Near v. Minnesota, 283 U.S. 697 (1931).

Issue: Prior restraint (pre-publication censorship by government). With good reason, prior restraint is called the most hated form of censorship. If government can stop a message completely before it gets to the public, that is far more threatening to freedom than punishment after the fact of publication.

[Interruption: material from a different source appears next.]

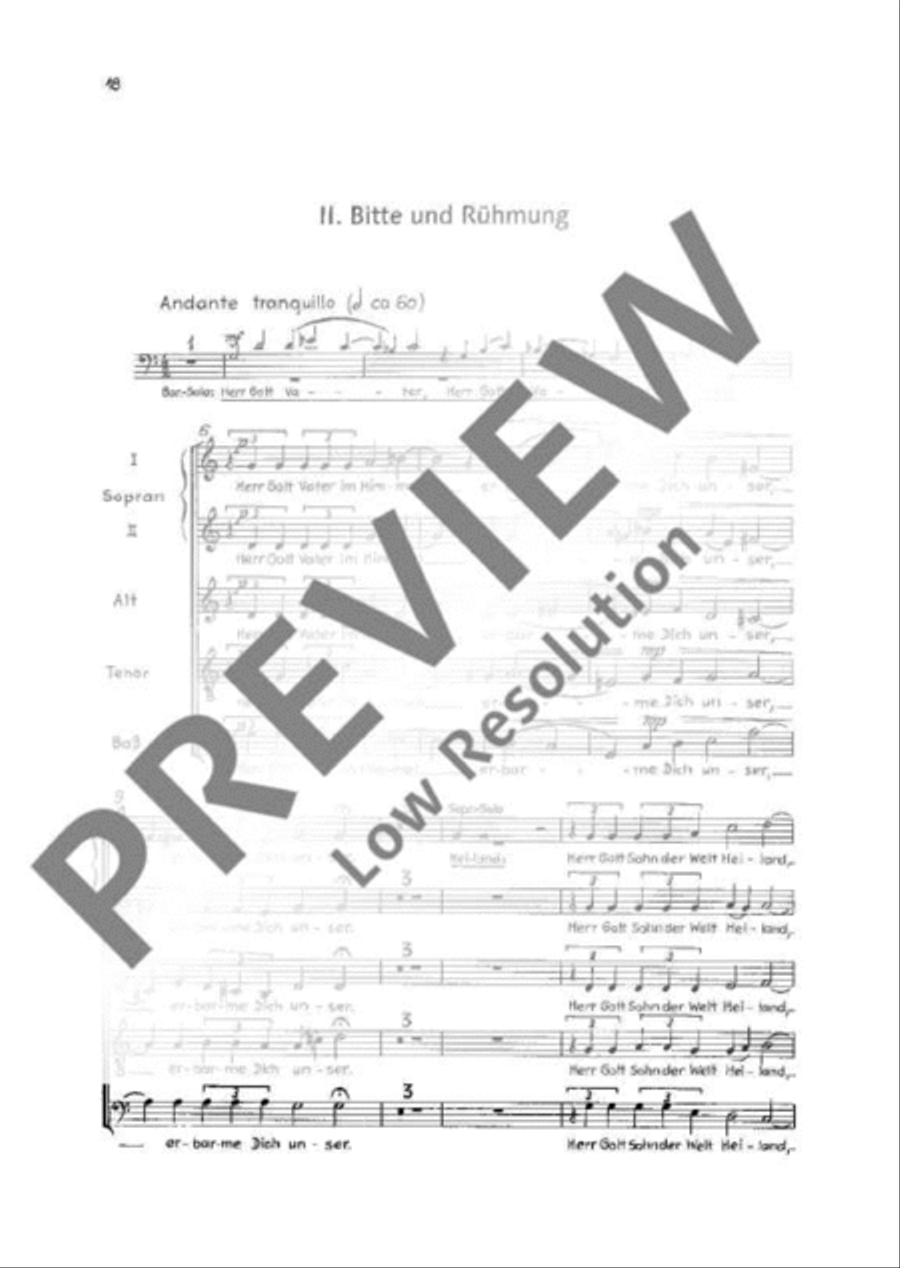 Ostermesse Mixed Choir scores gallery preview page 21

Facts: J.M. Near and Howard Guilford were publishing The Saturday Press, a Minneapolis “smear sheet” that delighted in attacking public officials. The newspaper published accusations that gangsters controlled gambling in Minneapolis, and bootlegging and racketeering were allowed to flourish because government and police officials were not doing their jobs. The Saturday Press also attacked Jews and Catholics. Local authorities found an old, unused statute on the books, one allowed prior restraint of “nuisance” or “undesirable” publications. The statute said that a publisher found guilty of producing such a nuisance sheet could be halted by a judge’s injunction to stop all publication activities. The judge made his injunction permanent, but told Near that he could again publish if he could convince the court that he would run a newspaper without objectionable content. Near and Guilford appealed to the Minnesota Supreme Court, which upheld the trial court’s prior restraint order, ruling that freedom of the press did not protect publications “devoted to scandal and defamation.”1

Legal Question: Is censorship by prior restraint of a newspaper allowed under the First Amendment?

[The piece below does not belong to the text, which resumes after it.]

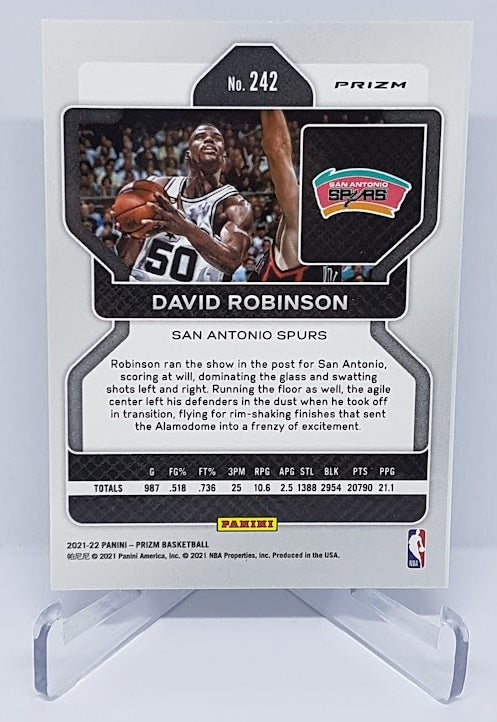 2021-22 Panini Prizm Silver David Robinson Spurs #242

Decision: No, except in crisis situations such as reports of troop movements, or incitement to violence or overthrow of government, or publication of obscene material.

(Vote: 5-4)

Reasons: Chief Justice Charles Evans Hughes delivered the opinion of the Court. Invoking Anglo-American legal history, Hughes found that the English legal scholar Sir William Blackstone would have allowed no prior restraint whatsoever, but would have punished criticism of government after publication as seditious libel. Chief Justice Hughes, in a double modification of Blackstone, wrote that prior restraint could be used by government in limited circumstances, but declared that Americans have a right—perhaps even a duty—to discuss and debate the character of conduct of public officers.2 Hughes wrote that prior restraint could occur in wartime, for example, to suppress information about movements of troop ships. Similarly obscene publications could be halted, as could incitements to violence or threats to overthrow government.

Hughes emphasized the need for a vigilant and courageous press, especially in large cities. Then he wrote: “The fact that the liberty of the press may be abused by miscreant purveyors of scandal does not make any less the immunity of the press from previous restraint in dealing with official misconduct. Subsequent punishment for such abuses as may exist is the appropriate remedy, consistent with constitutional privilege.”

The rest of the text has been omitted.